購入の仕方は、よくあるショッピングモールと同じ。欲しいソフトを選んでショッピングカートに乗せていくと、料金が自動的に集計される。支払いは、オンライン決済ではクレジットカードとインターネットのデビッドキャッシュ、オフライン決済では銀行振り込みやコンビニでの振り込みに対応している。また、企業ユーザーなどのために売り掛け処理にも応じている。

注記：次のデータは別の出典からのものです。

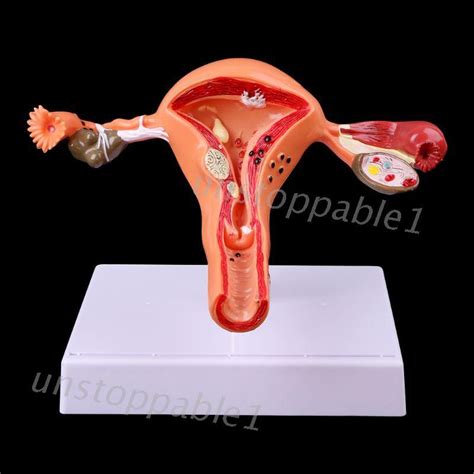 Pathological Uterus Ovary Anatomical Model Anatomy Cross Section Study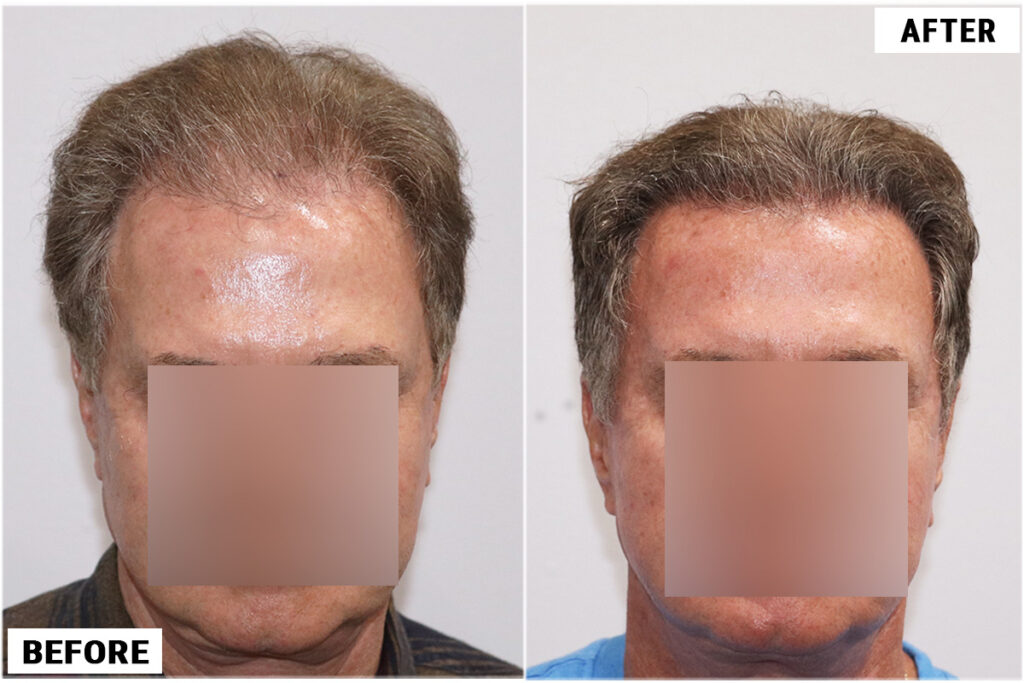 before & after 1950 grafts front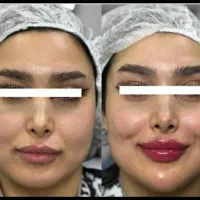 ژل .بوتاکس.مزو.PRP.تمامی جراحی های محدود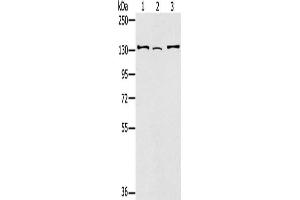 Gel: 6 % SDS-PAGE, Lysate: 40 μg, Lane 1-3: Hela cells, 231 cells, A172 cells, Primary antibody: ABIN7130904(RNF40 Antibody) at dilution 1/400, Secondary antibody: Goat anti rabbit IgG at 1/8000 dilution, Exposure time: 1 minute (RNF4 抗体)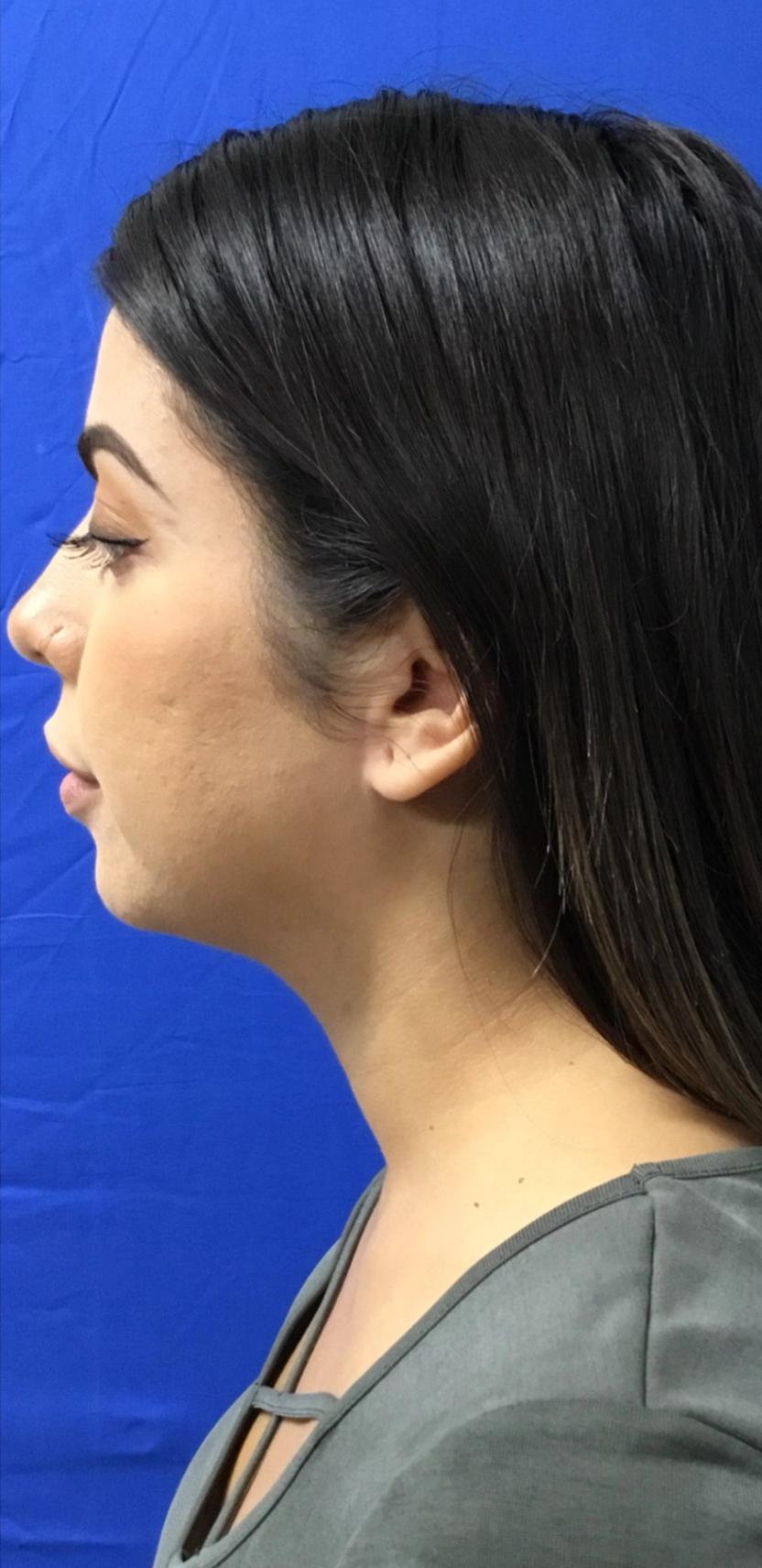 Chin after Kybella injections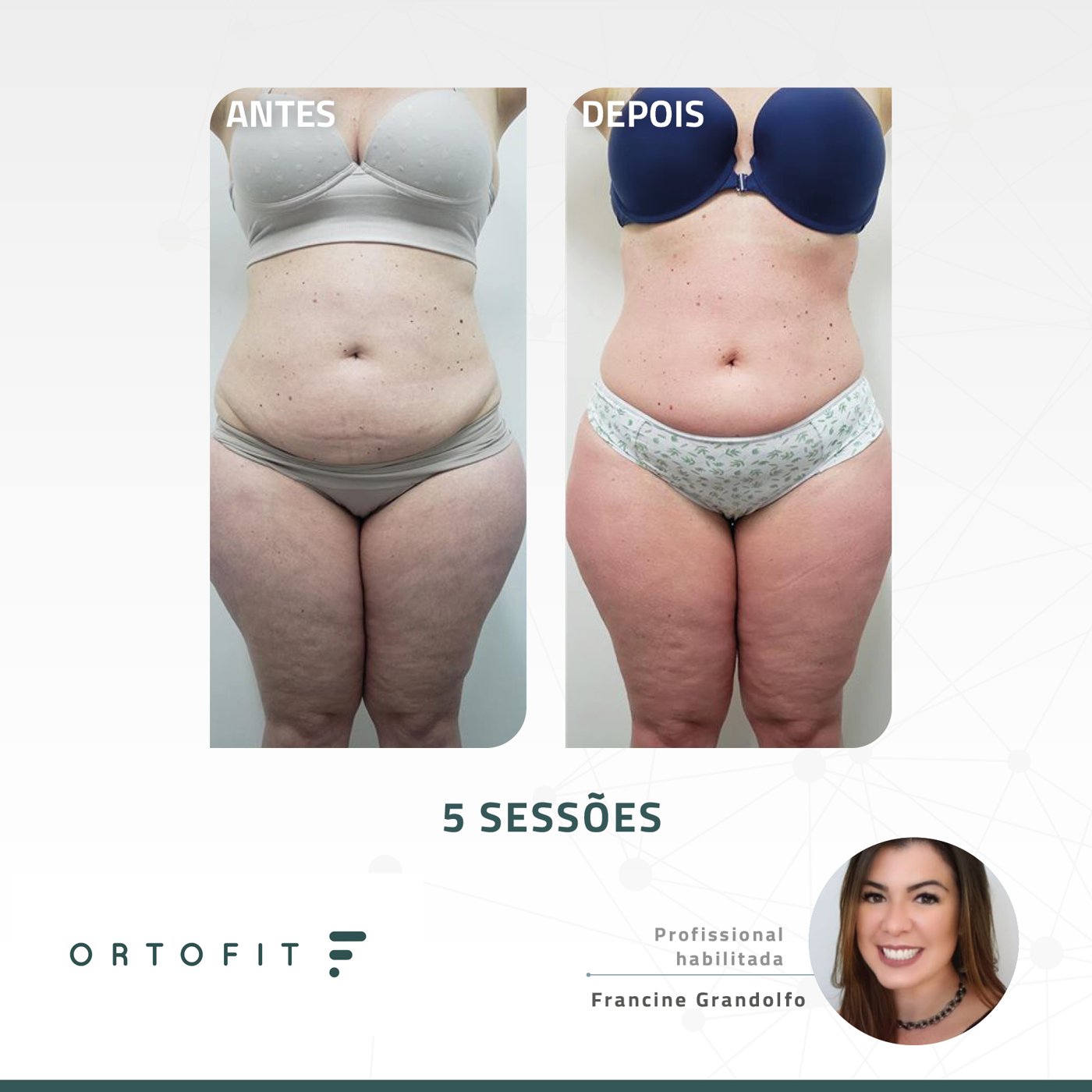 Antes e depois — emagrecimento e detox por profissional habilitada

現在、商品は約1,200本(ライセンス形態で細分化されているので実際の商品数はもっと少ない)が登録されており、製品がわかっている時はその商品名で、またソフトのカテゴリーや価格帯、一般向けか教育機関向け、学生向けなどのユーザー種別で絞り込むことができる。
カテゴリーは、統計/データ解析(172本)、データマイニング(20本)、グラフ作成(154本)、数学(369本)、化学(321本)、医学/薬学(312本)、生化学(337本)、地球科学(28本)、工学(131本)、可視化/画像解析(15本)、CAD(48本)、シミュレーション(58本)、プレゼン・論文作成(88本)、開発環境(146本)、ネットワーク(73本)、OS関連(23本)、ユーティリティー(33本)、スケジュール(13本)、OCR(17本)、DTPツール(2本)、その他(17本)−といった形で分かれている。
その販売形態上、カスタマイズが必須なソフトやコンサルティングをともなうソフトは扱いにくい。ところが、科学技術系ではそのようなソフトは少なくないので、このあたりが課題になるといえそうだ。
また、ワトソン君には、ショッピング以外にも、技術系のフリーソフトやシェアウエアのダウンロードコーナー、科学系のリンク集、取り扱い製品のカタログダウンロードコーナー(PDF形式)、自由な意見交換が可能なBBSコーナーなどが用意されており、ユーザーが頻繁にチェックしたくなるようなコンテンツを揃えていく。今後は、科学雑誌の記事をオンラインで購読することや、科学的な味のある楽しいコラム、さらにオークションの実施など、今秋をめどに新たに5つほどのコーナーを追加する予定。
ワトソン君の利用は、会員制というわけではないが、購入時の発送先の確認などのために住所などを登録する必要がある。一度登録すれば、次からは再入力の手間がかからない。